Goal of the exercise
This exercise calls for the line with "Vista 8 de MightySkins", the line with "Daily WellnessMYCHEF RAMADAN- Raya", and all lines between them in the material below, output exactly and with no other lines.

━━━ Materials provided

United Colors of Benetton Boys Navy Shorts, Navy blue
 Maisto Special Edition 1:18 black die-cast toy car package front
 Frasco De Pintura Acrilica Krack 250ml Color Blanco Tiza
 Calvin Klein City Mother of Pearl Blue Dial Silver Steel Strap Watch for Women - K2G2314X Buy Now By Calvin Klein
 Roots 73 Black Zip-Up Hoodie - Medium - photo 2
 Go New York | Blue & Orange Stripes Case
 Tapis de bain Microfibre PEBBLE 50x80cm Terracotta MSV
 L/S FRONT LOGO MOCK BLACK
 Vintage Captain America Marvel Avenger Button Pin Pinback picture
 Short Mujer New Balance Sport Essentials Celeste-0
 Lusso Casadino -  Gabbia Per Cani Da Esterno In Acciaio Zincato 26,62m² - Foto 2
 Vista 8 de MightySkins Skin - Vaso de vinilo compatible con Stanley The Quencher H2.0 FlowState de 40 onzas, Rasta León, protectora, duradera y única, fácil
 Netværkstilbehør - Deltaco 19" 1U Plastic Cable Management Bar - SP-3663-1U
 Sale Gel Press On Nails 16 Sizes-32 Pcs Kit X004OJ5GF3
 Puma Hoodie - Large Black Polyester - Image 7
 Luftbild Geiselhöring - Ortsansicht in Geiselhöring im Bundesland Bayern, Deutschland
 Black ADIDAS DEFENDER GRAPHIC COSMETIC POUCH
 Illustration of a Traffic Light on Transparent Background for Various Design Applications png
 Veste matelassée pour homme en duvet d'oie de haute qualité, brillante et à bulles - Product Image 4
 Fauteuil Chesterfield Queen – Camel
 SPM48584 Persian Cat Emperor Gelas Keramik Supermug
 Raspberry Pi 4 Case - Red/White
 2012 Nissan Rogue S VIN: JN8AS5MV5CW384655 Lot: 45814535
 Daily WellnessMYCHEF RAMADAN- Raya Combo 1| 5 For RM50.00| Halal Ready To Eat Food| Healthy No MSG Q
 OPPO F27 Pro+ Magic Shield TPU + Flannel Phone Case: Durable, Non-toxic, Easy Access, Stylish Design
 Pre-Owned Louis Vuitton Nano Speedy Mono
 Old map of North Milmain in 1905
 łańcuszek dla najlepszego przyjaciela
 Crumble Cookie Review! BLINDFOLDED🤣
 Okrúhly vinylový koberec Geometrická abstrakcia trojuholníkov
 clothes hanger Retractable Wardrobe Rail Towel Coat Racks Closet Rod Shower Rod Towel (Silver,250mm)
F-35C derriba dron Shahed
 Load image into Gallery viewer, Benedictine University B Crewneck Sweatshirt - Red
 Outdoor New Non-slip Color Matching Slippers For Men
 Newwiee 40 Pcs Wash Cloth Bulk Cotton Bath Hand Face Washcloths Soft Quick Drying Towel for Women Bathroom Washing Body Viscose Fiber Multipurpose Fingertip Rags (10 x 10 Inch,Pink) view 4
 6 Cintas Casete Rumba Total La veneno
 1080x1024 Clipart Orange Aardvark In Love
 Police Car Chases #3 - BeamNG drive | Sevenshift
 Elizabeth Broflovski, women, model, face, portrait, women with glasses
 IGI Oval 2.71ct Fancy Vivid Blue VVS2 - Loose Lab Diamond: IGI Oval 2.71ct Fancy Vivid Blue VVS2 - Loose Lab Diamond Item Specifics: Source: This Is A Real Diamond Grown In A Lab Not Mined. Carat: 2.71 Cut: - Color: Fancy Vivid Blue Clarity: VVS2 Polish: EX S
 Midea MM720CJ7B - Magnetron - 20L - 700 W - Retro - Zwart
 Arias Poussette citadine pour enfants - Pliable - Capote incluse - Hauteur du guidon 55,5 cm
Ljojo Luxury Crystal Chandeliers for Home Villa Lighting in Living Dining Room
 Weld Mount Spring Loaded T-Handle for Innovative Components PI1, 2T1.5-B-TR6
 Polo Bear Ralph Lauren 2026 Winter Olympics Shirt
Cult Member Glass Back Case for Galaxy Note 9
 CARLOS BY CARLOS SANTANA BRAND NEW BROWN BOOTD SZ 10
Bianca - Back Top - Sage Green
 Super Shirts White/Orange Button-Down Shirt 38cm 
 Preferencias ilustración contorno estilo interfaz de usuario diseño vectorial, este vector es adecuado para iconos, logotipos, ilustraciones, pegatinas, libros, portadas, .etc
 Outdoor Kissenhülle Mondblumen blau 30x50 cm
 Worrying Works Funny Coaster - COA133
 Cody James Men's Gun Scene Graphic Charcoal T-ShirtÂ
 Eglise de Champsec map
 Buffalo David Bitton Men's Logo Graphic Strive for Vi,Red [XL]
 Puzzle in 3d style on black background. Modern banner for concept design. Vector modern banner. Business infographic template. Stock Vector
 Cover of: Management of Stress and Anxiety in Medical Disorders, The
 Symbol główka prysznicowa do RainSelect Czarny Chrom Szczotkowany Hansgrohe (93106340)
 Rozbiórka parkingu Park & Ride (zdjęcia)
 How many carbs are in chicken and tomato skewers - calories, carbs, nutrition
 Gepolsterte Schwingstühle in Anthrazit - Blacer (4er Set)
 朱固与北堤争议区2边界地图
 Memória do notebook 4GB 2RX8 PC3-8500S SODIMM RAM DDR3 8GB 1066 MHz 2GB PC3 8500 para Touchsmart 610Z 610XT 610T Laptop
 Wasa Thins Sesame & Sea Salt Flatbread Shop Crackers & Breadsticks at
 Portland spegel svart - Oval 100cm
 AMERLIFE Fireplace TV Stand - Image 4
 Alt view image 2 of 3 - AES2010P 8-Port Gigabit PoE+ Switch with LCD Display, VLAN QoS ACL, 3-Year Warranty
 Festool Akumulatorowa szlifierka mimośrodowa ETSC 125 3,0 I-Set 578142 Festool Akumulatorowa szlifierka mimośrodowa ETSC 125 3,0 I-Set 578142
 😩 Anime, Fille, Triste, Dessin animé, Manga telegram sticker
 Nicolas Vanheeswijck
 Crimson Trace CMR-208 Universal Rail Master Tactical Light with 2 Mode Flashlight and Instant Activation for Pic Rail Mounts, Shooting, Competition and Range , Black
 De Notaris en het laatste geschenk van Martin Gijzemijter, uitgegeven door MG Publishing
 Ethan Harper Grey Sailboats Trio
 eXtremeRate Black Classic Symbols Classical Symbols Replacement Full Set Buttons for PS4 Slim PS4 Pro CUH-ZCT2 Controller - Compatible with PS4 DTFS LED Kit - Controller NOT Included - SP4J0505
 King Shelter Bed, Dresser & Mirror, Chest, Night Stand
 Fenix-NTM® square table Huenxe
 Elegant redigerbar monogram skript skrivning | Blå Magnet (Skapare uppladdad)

━━━━━━

Task output
 Vista 8 de MightySkins Skin - Vaso de vinilo compatible con Stanley The Quencher H2.0 FlowState de 40 onzas, Rasta León, protectora, duradera y única, fácil
 Netværkstilbehør - Deltaco 19" 1U Plastic Cable Management Bar - SP-3663-1U
 Sale Gel Press On Nails 16 Sizes-32 Pcs Kit X004OJ5GF3
 Puma Hoodie - Large Black Polyester - Image 7
 Luftbild Geiselhöring - Ortsansicht in Geiselhöring im Bundesland Bayern, Deutschland
 Black ADIDAS DEFENDER GRAPHIC COSMETIC POUCH
 Illustration of a Traffic Light on Transparent Background for Various Design Applications png
 Veste matelassée pour homme en duvet d'oie de haute qualité, brillante et à bulles - Product Image 4
 Fauteuil Chesterfield Queen – Camel
 SPM48584 Persian Cat Emperor Gelas Keramik Supermug
 Raspberry Pi 4 Case - Red/White
 2012 Nissan Rogue S VIN: JN8AS5MV5CW384655 Lot: 45814535
 Daily WellnessMYCHEF RAMADAN- Raya Combo 1| 5 For RM50.00| Halal Ready To Eat Food| Healthy No MSG Q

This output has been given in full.